Diagnostics 2025, 15(11), 1421; https://doi.org/10.3390/diagnostics15111421
Submission received: 16 April 2025 / Revised: 19 May 2025 / Accepted: 27 May 2025 / Published: 3 June 2025
(This article belongs to the Special Issue Diagnosis and Prognosis of Hematological Disease)

Abstract

Background: While adult and pediatric acute myeloid leukemia (AML) exhibit genetic distinctions, investigating their common gene expression program is critical for understanding the fundamental biological mechanisms that drive diverse cellular responses.
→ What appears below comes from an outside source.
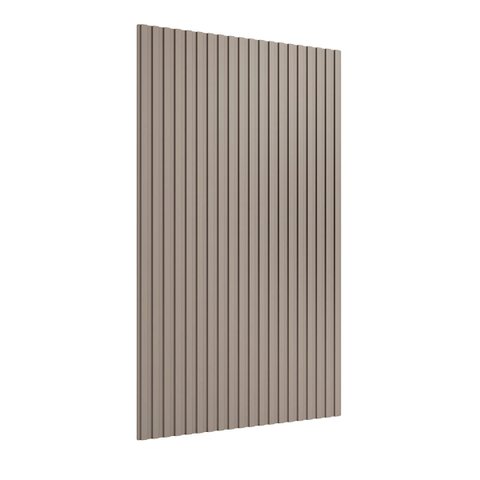 Painel Ripado Decorativo 160cm X 240cm em Madeira Mdf Cor:grigio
However, existing gene signatures, predominantly tailored for overall survival (OS), may not adequately forecast event-free survival (EFS). EFS represents the time patients survive without disease recurrence, progression, or further treatment, a crucial metric for evaluating drug efficacy and assessing the clinical benefits of treatment. Methods: We performed an integrated analysis of adult TCGA and pediatric TARGET expression datasets to pinpoint genes and pathways associated with EFS in both adult and pediatric AML. Additionally, we constructed a predictive model using one dataset and validated it on the other to unveil a novel gene signature. Results: A five-gene signature comprising F2RL3, IL2RA, MYH15, SIX3, and SOBP was identified for EFS for both adult and pediatric AML. The test Area Under the ROC Curves (AUCs) for the 2-year and 5-year cutoffs of adult TCGA data were 0.851 (95% CI (Confidence Interval): 0.778–0.923) and 0.848 (95% CI: 0.729–0.968), respectively. Similarly, the test AUCs for the 2-year and 5-year cutoffs of Pediatric TARGET data were 0.725 (95% CI: 0.640–0.811) and 0.695 (95% CI: 0.59–0.80), respectively. When patients were stratified into three equal-sized prognostic subtypes based on the five-gene test risk scores, the P-values of tertile partitions for TARGET and TCGA data were 2.32e−6 and 5.12e−14, respectively, indicating superior performance compared to cytogenetic risk stratification within the same data (TARGET: P = 0.0019; TCGA: P = 0.0086). Despite being identified for EFS, the five-gene signature successfully stratified patients into distinct OS groups across two additional independent datasets. Conclusions: This five-gene signature demonstrates robust performance in both EFS and OS risk prediction and might be clinically significant.

1. Introduction

Acute myeloid leukemia (AML) is a hematological malignancy arising from chromosomal rearrangements, genes’ mutations, and other genetic and epigenetic abnormalities accumulated in blood progenitor cells [1]. While the incidence of AML increases with age, it can manifest at any stage of life affecting both children and adults. AML is recognized as a clinically heterogeneous disease characterized by the uncontrolled proliferation and accumulation of immature myeloid blood cells. Despite advancements in intensive chemotherapy and combination regimens that have demonstrated some efficacy in patient response [2], AML remains a challenging disease to treat. The 5-year overall survival rates for AML vary across age groups, equivalent to 60–75% in childhood AML, 35–40% in young adults under 60 years old, and a stark 5–15% in patients older than 60 years [3]. Accurate risk classification plays a pivotal role in determining the appropriate treatment strategies, including the selection of chemotherapy types, the timing of stem cell transplantation, and eligibility for participation in clinical trials [4]. Traditionally, AML has been categorized into three distinct groups based on gene mutations and cytogenetics [1]. However, this classification primarily focuses on overall survival stratification and may not always predict event (disease)-free survival (EFS) adequately. For instance, in a study of core binding factor AML (CBF-AML), including recurrent genetic translocations t(8;21)(q22;q22) involving RUNX1-RUNX1T1 and inv(16)(p13q22) involving CBFB-MYH11 [5], multivariate analyses of that study showed that KDM6A mutation was associated with OS (P < 0.001) but not with EFS (P = 0.095) in the RUNX1::RUNX1T1 cohort. Similarly, FLT3-ITD mutation was associated with OS (P = 0.024) but not with EFS (P = 0.07) in the CBFB::MYH11 cohort.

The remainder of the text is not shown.